Problems

#02

The amount of angular momentum $l$ depends on the product of mass $m$, angular speed $v$, and distance $r$, so $l=mvr$. The idea here is that the cloud mass does not change as it collapses. The angular momentum will also not change. So if the size $r$ gets smaller, then the angular speed $v$ will go up.

But we need to find the rotation period $P$. The rotation speed and period are related by $v=2\pi r/P$. The problem is about $r$ and $P$. We do not know anything about $v$, so we can get rid of $v$ in favor of $P$. The angular momentum $l$ becomes

$$l = mvr = m \frac{2\pi r^2}{P}$$

The left-hand side $l$ does not change, nor the mass $m$. The relation between size and period is such that $P$ will go up or down as the square of the size $r$.

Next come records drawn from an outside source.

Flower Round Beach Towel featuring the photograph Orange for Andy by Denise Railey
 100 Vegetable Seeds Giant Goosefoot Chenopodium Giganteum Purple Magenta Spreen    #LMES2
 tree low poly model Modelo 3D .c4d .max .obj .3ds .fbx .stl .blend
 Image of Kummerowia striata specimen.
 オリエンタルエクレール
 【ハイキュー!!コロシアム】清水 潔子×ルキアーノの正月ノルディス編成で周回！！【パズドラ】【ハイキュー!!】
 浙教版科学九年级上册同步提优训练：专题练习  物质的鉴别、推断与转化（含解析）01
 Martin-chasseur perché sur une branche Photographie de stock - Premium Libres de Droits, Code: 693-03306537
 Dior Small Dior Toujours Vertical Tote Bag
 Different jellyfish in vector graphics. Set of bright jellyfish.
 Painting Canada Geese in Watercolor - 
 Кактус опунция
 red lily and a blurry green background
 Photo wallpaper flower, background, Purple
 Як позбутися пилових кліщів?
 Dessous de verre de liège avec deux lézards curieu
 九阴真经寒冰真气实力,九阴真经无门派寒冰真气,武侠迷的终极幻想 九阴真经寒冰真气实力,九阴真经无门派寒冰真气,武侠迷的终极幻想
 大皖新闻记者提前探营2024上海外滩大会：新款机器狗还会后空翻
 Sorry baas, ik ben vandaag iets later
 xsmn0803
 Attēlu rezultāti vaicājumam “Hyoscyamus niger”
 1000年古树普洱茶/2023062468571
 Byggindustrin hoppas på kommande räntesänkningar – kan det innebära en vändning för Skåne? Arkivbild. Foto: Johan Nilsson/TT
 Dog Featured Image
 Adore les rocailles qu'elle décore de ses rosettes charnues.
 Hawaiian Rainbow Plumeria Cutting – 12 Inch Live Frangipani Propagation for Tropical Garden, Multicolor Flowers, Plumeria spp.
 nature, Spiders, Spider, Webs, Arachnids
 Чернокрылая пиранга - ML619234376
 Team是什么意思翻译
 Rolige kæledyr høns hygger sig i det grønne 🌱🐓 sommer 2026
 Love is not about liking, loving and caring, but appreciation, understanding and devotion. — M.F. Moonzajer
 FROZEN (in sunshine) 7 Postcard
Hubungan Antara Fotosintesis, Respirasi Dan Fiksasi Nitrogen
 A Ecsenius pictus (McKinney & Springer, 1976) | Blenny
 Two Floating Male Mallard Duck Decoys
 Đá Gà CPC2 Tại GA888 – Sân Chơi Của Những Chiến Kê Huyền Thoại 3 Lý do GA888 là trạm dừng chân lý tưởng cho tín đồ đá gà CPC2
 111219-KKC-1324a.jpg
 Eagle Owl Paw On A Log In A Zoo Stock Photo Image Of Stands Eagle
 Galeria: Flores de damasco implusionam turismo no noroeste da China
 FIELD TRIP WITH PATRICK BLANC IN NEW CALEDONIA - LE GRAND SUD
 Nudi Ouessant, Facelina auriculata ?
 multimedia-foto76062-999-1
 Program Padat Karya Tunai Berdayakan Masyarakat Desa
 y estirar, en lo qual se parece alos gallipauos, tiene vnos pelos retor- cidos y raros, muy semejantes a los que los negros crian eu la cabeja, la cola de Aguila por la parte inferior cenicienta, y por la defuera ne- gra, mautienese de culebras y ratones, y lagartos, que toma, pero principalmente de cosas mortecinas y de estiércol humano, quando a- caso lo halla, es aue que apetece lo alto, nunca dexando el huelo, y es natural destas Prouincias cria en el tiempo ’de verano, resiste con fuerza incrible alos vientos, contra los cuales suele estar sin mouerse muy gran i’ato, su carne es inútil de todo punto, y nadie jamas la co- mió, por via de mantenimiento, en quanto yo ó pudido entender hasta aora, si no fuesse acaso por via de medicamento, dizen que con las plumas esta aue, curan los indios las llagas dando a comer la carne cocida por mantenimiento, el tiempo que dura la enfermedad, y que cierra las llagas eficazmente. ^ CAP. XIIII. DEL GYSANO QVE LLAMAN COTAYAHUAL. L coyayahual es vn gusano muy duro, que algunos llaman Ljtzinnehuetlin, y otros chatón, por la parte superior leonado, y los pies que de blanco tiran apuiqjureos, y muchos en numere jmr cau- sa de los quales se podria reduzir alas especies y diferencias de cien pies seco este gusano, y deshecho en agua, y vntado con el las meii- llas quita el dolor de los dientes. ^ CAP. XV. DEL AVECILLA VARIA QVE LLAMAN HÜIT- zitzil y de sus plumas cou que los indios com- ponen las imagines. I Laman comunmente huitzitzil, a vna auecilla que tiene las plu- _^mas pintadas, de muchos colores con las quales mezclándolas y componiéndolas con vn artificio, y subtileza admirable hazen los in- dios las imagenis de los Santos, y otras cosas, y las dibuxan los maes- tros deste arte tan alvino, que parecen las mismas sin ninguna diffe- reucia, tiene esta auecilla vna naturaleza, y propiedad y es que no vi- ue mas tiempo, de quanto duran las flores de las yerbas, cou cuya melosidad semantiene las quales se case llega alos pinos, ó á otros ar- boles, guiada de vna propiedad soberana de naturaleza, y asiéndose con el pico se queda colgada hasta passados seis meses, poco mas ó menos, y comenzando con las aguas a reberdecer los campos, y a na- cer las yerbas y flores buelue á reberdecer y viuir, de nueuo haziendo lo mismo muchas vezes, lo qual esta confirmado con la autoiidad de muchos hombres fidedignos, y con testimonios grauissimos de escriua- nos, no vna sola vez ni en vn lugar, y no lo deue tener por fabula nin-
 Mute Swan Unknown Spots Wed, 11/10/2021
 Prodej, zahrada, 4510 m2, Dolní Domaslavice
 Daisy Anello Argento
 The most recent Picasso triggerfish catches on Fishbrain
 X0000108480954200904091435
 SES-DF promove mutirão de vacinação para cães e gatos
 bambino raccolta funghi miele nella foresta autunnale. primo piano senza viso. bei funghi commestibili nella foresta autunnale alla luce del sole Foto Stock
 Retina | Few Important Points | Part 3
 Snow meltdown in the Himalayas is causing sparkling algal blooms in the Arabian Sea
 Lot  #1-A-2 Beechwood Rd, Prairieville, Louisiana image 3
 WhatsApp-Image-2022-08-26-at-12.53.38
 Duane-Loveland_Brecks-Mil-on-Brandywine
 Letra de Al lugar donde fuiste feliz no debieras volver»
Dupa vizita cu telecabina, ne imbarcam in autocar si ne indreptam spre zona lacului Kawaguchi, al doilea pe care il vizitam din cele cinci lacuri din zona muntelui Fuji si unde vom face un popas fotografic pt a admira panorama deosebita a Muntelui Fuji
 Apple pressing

Initially we have that $r=0.2$ LY, and $P=10^8$ yrs.
(a) If the new size is 100 AU, what is the new $P$? One LY has $9.5\times 10^{17}$ cm and 1 AU is $1.5\times 10^13$ cm, so $0.2 {\rm LY} = 0.2\times 9.5\times 10^{17}/1.5\times 10^13 1.3\times 10^4$ AU. Shrinking to 100 AU is a drop by 130. The change in period depends on the square of this, or about 17000, so the period drops (because the cloud spins up) to become about $P= 6000$ yrs.
(b) Another drop of 50 times in size compared to case (a), so a drop of $50^2=2500$ in period (because the period depends on the square of the size), becoming about $P=2.4$ yrs.

#12

This requires Kepler's 3rd Law. For AU, years, and solar masses, $a^3/P^2 = M$. We want the period, so $P=\sqrt{a^3/M}$. Using the values given, we have that $P=\sqrt{0.042^3/1.06} = 0.0084$ yrs. If the date were 2004 Dec 1, then it has been 6 yrs since the planet's discovery. The number of orbits is $6/0.0084=710$ times.